Knight era adesso letteralmente sospeso per le braccia".
Elfride scompare alla vista di Knight. Knight si ritrova solo,
disperato: sa che anche se Elfride fosse andata a cercare aiuto,
essi si trovavano a parecchi chilometri di distanza da qualsiasi
presenza umana. La suspance viene aumentata da Hardy puntando
la narrazione su Knight e sui suoi pensieri in quella situazione.
I pensieri di Knight sono quelli di un intellettuale vittoriano:
"La scogliera formava la parete interna della prozione
di un cilindro cavo, con il cielo per coperchio e il mare come
fondo, che racchiudeva la baia fino a formare quasi un semicerchio;
egli vedeva perciò la parete verticale curvarsi attorno
a lui sui due lati. Guardò in giù fino alla base
della superficie rocciosa e si rese conto fino in fondo di come
questa lo minacciasse. Ogni cosa aveva un aspetto sinistro e
fin dentro le sue stesse viscere quella forma ostile era un
luogo di desolazione.
Per una di quelle comuni concomitanze di eventi grazie alle
quali il mondo inanimato attira la mente dell'uomo quando egli,
nei momenti di apprensione, fa una pausa, Knight si trovò
di fronte agli occhi un fossile pietrificato, stagliato in bassorilievo
sulla roccia. Era una creatura provvista di occhi. Gli occhi,
morti e trasformati in pietra, lo stavano fissando ancora adesso.
Era uno dei primi crostacei, detti Trilobiti. Milioni di anni
separavano le loro vite, eppure Knight e quell'essere inferiore
parevano essersi incontrati nel luogo della loro morte. Era
l'unico esemplare entro il raggio della sua visuale di qualcosa
che fosse mai stato vivo e avesse avuto un corpo da salvare,
come egli stesso lo aveva in quel momento".
Knight acquista una nuova consapevolezza, amara e desolata,
della propria mortalità. Per alcune pagine il narratore
si dilunga in riflessioni sulla geologia, la preistoria, la
malignità della Natura.

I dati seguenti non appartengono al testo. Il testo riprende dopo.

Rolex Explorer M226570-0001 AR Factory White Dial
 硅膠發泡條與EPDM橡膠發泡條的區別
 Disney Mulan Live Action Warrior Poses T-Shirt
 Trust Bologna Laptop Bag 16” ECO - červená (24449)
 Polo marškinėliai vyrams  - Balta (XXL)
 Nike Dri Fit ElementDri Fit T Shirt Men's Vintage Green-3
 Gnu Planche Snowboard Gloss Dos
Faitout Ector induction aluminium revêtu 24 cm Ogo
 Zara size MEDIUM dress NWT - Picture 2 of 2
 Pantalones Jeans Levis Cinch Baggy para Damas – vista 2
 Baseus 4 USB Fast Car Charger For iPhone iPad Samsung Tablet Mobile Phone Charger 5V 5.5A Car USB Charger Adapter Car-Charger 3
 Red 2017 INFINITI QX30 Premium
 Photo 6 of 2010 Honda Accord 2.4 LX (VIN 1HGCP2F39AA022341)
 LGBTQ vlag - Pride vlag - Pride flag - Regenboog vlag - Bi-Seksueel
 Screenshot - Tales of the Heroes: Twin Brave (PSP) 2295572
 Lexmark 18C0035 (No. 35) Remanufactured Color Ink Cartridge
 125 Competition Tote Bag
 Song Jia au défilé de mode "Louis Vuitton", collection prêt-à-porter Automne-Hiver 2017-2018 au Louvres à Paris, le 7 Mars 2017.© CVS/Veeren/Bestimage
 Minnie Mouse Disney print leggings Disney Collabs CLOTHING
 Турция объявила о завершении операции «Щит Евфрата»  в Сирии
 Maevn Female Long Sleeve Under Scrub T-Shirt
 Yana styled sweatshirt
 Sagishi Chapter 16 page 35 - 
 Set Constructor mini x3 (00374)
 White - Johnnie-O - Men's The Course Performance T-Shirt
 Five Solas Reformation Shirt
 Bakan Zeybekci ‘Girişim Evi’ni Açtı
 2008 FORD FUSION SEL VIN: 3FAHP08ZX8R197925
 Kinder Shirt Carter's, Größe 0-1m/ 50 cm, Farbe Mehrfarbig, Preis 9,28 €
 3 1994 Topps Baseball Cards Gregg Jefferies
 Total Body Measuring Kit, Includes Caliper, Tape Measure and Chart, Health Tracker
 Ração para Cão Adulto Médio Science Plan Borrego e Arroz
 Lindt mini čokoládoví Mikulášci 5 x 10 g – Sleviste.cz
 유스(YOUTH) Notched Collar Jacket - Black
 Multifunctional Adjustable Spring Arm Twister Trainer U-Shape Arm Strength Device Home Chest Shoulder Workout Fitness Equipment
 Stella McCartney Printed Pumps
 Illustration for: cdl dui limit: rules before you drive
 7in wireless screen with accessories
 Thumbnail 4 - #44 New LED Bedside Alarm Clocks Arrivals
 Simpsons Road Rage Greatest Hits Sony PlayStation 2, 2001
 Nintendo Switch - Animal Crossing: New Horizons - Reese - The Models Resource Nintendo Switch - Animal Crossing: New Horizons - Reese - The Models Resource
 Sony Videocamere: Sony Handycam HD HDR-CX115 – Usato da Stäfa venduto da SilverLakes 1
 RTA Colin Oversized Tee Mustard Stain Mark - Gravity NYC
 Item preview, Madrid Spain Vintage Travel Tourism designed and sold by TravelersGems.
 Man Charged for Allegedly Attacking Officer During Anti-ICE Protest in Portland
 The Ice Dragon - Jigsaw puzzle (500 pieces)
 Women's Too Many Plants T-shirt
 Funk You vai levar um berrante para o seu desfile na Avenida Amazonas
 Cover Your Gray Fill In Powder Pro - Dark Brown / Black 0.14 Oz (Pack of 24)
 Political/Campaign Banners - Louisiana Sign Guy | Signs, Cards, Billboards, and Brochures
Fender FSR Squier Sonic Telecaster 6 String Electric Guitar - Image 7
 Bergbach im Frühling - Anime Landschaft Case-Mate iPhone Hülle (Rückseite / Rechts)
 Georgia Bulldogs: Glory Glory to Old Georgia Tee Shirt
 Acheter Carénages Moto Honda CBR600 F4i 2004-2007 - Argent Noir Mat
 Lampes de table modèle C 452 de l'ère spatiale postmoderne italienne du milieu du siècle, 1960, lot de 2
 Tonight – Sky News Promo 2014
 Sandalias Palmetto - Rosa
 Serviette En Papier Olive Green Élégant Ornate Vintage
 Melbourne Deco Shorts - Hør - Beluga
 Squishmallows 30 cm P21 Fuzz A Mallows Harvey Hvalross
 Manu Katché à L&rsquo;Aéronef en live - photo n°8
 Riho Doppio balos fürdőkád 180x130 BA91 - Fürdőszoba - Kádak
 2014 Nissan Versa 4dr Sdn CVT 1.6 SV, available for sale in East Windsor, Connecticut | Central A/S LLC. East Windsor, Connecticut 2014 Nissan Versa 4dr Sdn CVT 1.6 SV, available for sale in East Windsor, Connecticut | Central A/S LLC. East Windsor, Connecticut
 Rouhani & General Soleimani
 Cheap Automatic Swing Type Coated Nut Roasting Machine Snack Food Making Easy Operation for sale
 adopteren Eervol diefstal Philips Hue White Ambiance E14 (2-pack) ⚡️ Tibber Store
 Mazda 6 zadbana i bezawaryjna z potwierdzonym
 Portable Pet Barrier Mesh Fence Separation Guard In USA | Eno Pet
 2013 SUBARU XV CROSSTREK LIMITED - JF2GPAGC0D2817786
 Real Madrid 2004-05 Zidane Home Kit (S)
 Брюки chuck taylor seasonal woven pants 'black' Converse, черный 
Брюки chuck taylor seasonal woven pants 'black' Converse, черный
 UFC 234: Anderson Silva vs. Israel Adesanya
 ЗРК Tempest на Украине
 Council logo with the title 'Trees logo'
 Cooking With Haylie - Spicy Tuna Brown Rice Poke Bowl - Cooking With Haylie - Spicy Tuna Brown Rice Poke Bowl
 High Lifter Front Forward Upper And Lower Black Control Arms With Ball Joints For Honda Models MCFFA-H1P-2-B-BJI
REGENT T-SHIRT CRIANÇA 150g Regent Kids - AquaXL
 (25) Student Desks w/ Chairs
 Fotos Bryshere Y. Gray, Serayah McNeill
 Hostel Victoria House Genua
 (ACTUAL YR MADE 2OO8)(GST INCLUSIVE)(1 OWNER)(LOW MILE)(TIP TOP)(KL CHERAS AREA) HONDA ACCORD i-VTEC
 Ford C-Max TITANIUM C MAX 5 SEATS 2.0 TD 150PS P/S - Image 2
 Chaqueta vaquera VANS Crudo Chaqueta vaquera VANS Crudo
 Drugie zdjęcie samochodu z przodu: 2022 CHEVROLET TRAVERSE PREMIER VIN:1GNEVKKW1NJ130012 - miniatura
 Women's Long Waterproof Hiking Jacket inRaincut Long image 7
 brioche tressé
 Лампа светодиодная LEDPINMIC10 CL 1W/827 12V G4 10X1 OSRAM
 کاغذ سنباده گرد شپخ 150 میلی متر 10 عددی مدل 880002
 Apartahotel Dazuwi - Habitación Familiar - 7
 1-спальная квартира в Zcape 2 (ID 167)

Il vento sferza gli abiti di
Knight, la pioggia gli punge la faccia, un sole rosso lo osserva
con "un ghigno da ubriaco": "non osava spostarsi di un centimetro.
La Morte stava veramente per ghermirlo?".
La situazione è risolta grazie all'intervento di Elfride,
che salva Knight, utilizzando i proprio vestiti come corda (la
svestizione della donna, nella repressiva dal punto di vista
sessuale società vittoriana, possibile solo in virtù
dell'emergenza).
Il romanzo fu molto apprezzato da Marcel Proust.